_Extracted information:_
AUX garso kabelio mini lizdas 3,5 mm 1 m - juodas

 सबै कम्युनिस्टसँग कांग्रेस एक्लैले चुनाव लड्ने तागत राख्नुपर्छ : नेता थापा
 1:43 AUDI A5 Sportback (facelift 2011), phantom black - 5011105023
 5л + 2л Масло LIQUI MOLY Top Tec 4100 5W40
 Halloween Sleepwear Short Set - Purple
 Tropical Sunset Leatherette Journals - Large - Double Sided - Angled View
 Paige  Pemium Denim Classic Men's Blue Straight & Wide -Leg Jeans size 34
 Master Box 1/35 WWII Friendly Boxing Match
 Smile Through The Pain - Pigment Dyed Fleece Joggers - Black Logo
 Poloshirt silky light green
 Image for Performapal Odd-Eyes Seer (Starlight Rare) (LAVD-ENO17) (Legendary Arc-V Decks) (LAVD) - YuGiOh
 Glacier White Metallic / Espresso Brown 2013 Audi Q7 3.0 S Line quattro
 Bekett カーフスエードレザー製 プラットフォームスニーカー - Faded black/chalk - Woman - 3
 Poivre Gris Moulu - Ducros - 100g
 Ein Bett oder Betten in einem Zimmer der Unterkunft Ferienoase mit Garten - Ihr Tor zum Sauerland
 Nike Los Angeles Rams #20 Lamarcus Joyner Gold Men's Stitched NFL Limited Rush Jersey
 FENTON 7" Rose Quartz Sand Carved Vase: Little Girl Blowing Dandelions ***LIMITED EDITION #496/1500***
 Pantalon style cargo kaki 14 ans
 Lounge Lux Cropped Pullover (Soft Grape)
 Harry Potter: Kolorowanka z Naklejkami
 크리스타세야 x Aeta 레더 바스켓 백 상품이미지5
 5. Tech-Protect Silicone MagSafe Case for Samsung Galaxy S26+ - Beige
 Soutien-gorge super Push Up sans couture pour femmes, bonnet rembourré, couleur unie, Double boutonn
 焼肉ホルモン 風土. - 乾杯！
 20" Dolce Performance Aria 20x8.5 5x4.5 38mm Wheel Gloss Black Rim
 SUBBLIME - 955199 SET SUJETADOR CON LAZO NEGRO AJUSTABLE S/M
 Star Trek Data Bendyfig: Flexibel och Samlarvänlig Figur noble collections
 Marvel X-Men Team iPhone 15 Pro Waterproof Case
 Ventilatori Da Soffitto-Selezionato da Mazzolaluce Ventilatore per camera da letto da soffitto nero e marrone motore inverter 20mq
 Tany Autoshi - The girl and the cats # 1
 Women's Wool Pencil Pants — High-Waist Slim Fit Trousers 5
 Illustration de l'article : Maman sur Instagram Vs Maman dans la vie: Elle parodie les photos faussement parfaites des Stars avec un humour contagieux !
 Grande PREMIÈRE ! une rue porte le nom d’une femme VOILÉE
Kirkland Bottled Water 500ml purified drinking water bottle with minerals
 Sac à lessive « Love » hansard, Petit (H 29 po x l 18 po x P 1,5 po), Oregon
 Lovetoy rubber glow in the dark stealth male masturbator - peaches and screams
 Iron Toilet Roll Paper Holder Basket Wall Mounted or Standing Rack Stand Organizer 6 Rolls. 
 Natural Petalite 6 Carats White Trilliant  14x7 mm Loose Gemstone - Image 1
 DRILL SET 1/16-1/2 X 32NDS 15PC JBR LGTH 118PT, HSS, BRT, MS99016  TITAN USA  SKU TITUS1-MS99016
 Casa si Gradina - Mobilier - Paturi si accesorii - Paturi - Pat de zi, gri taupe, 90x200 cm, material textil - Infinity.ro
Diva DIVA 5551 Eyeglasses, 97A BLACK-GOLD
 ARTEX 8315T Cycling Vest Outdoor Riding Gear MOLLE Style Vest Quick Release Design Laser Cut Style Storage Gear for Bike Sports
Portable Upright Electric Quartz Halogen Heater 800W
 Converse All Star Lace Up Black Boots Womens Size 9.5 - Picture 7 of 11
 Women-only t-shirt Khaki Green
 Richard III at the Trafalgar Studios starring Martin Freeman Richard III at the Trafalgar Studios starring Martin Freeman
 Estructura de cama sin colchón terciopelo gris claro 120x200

_Work request:_
Read the records above. Show each line that has the string "Quartz".

_Exercise response:_
 FENTON 7" Rose Quartz Sand Carved Vase: Little Girl Blowing Dandelions ***LIMITED EDITION #496/1500***
Portable Upright Electric Quartz Halogen Heater 800W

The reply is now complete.